### TASK TO CARRY OUT
An exact copy is required of every line from the one with "Ara Shoes Ankle" through the end of the data below, and the pictures must stay out of it.

### DATASET RECORDS
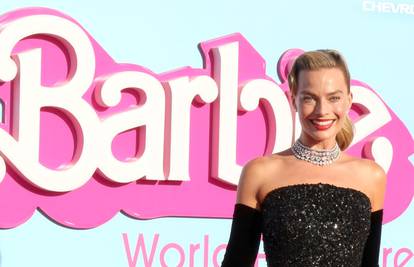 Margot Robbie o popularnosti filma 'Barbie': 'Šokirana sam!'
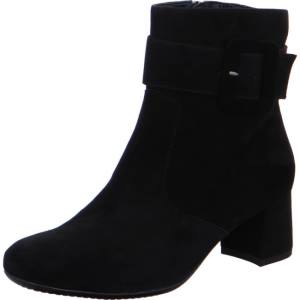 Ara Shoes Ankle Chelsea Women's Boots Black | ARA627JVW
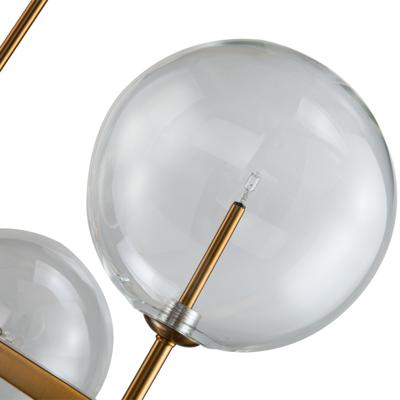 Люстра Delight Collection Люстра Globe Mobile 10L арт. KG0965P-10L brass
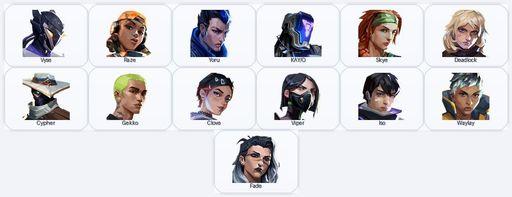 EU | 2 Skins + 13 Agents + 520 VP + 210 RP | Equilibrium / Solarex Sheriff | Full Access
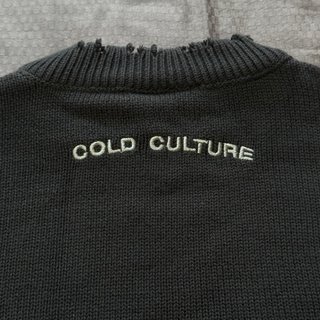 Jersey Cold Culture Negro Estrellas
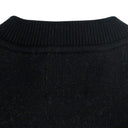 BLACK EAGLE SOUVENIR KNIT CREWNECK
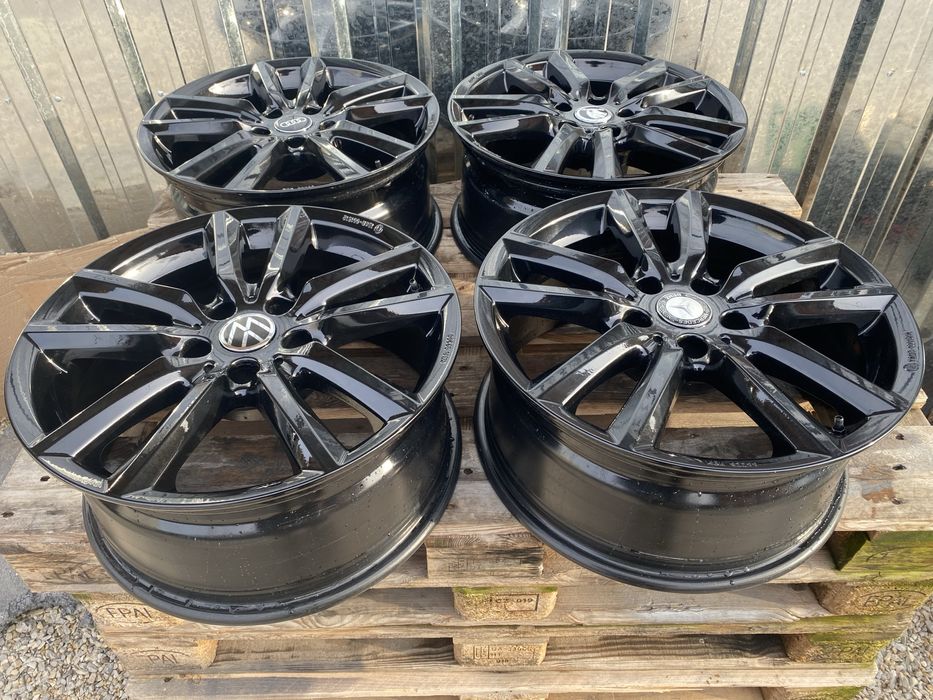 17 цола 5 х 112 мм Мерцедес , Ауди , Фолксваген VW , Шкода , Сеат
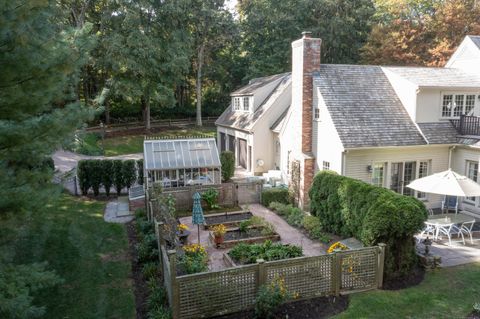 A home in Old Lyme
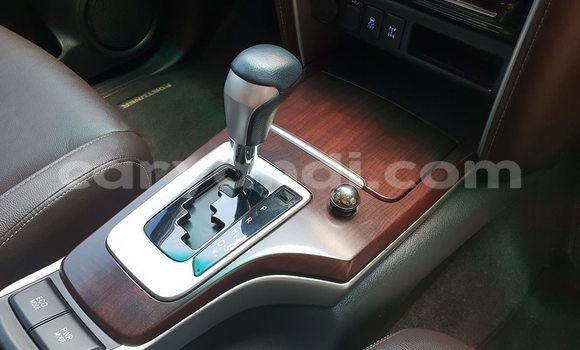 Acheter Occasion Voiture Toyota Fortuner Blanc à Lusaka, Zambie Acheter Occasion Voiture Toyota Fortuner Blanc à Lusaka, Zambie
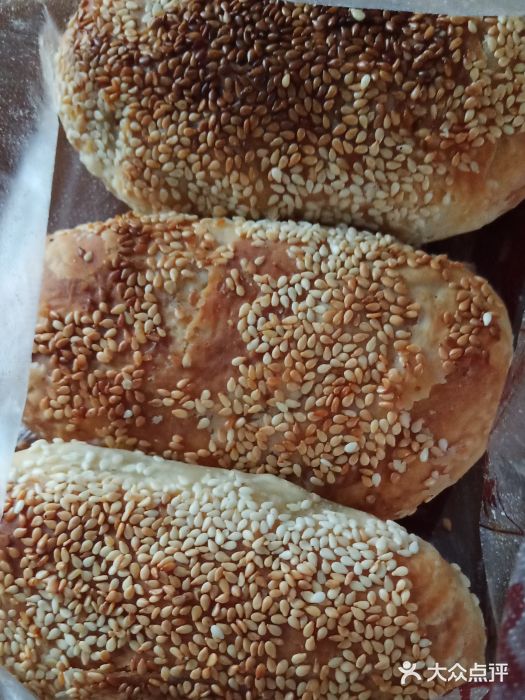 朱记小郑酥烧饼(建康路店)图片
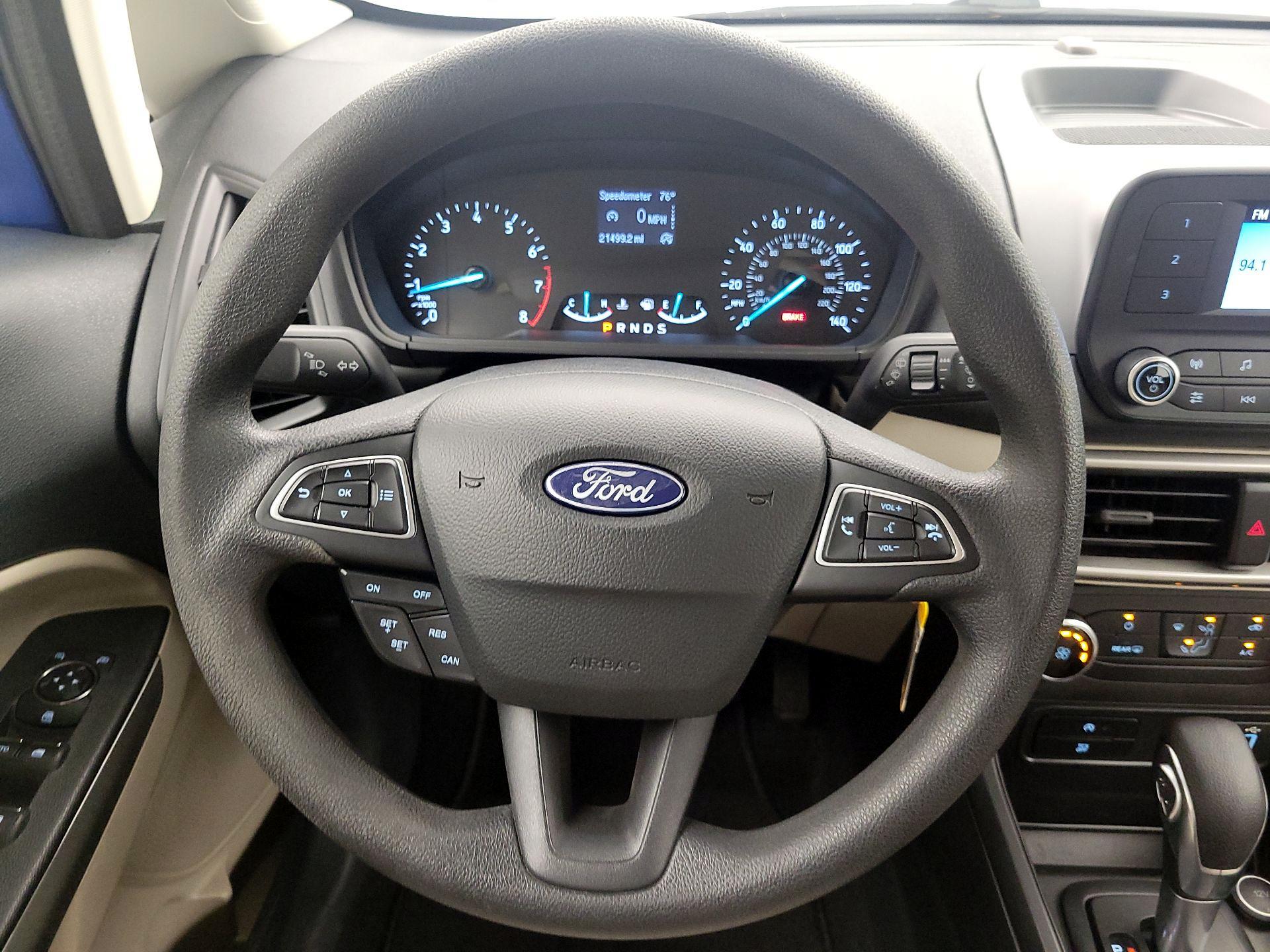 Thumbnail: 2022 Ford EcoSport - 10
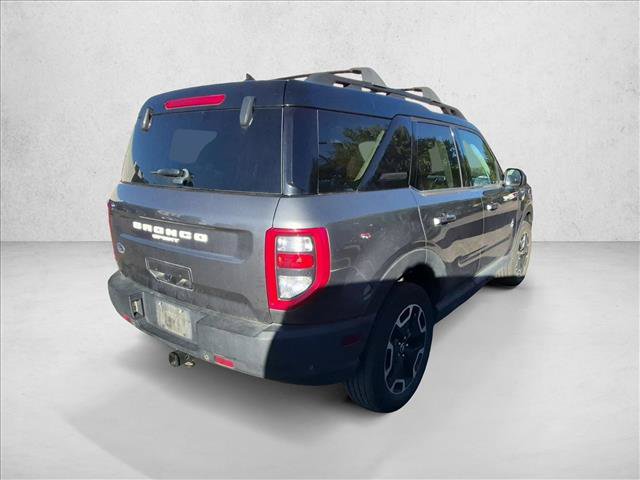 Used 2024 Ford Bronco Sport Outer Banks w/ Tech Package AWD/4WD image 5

### EXPECTED OUTPUT
 Ara Shoes Ankle Chelsea Women's Boots Black | ARA627JVW
 Люстра Delight Collection Люстра Globe Mobile 10L арт. KG0965P-10L brass
 EU | 2 Skins + 13 Agents + 520 VP + 210 RP | Equilibrium / Solarex Sheriff | Full Access
 Jersey Cold Culture Negro Estrellas
 BLACK EAGLE SOUVENIR KNIT CREWNECK
 17 цола 5 х 112 мм Мерцедес , Ауди , Фолксваген VW , Шкода , Сеат
 A home in Old Lyme
 Acheter Occasion Voiture Toyota Fortuner Blanc à Lusaka, Zambie Acheter Occasion Voiture Toyota Fortuner Blanc à Lusaka, Zambie
 朱记小郑酥烧饼(建康路店)图片
 Thumbnail: 2022 Ford EcoSport - 10
 Used 2024 Ford Bronco Sport Outer Banks w/ Tech Package AWD/4WD image 5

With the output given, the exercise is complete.